===== Records to use =====

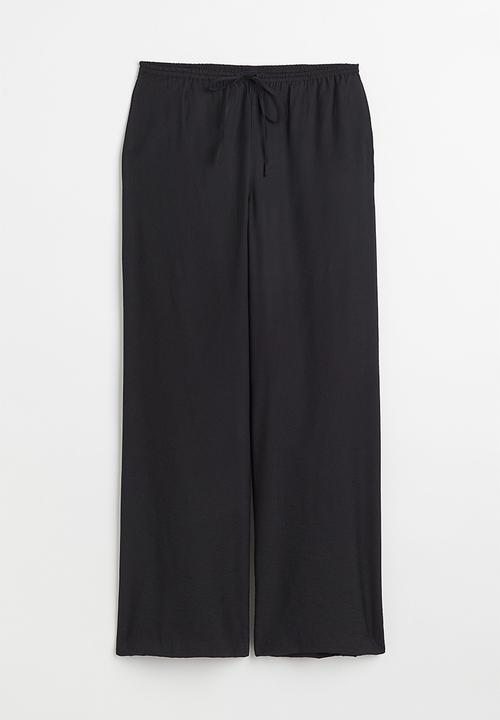 H&M - Wide satin trousers - black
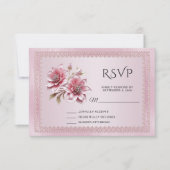 Moderne Roze Bloemen RSVP Kaart (Voorkant)
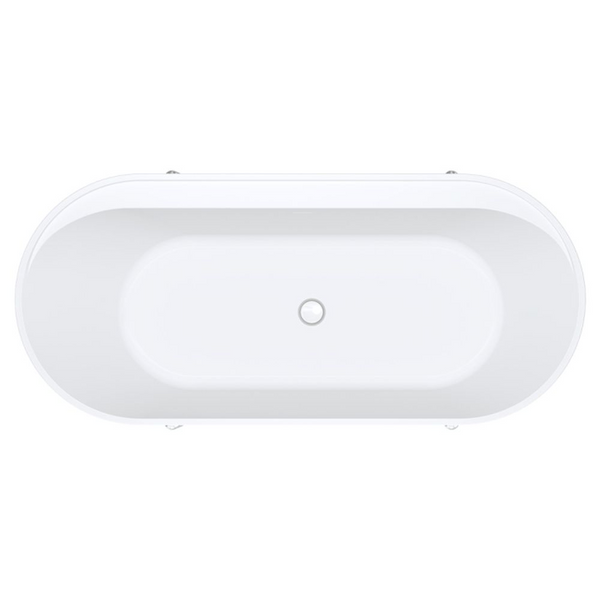 Fienza Aluca Freestanding Bath with Overflow 1700mm Matte White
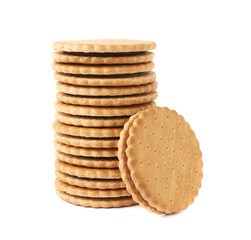 Stack of cookies isolated over the white background
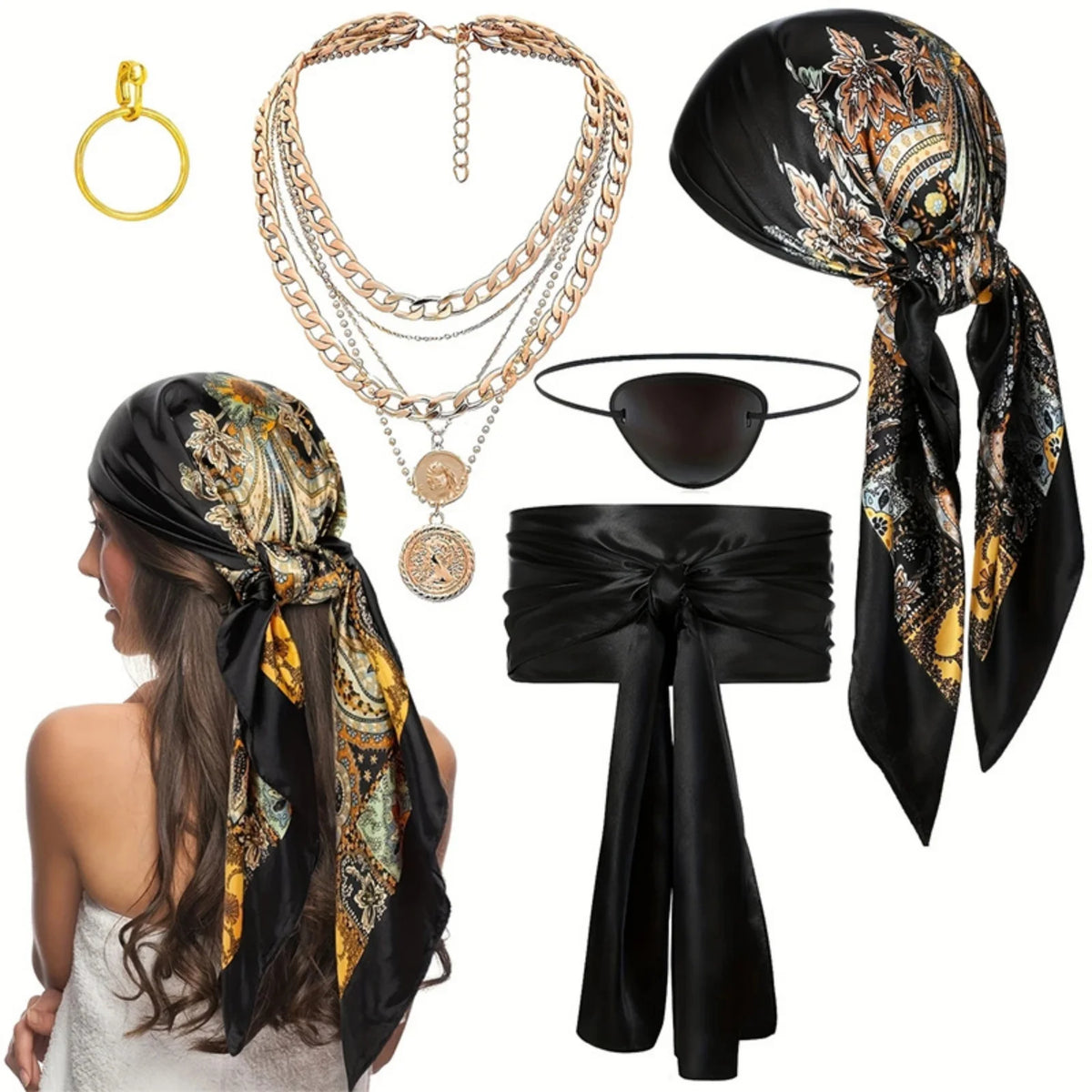 6-Piece Pirate Costume Accessory Set – Halloween Cosplay Kit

=====

* [Task goal]: Output, exactly and with no pictures, every line from the one that contains "Stack of cookies" through the final line of the entries.

* [Problem solution]:
 Stack of cookies isolated over the white background
 6-Piece Pirate Costume Accessory Set – Halloween Cosplay Kit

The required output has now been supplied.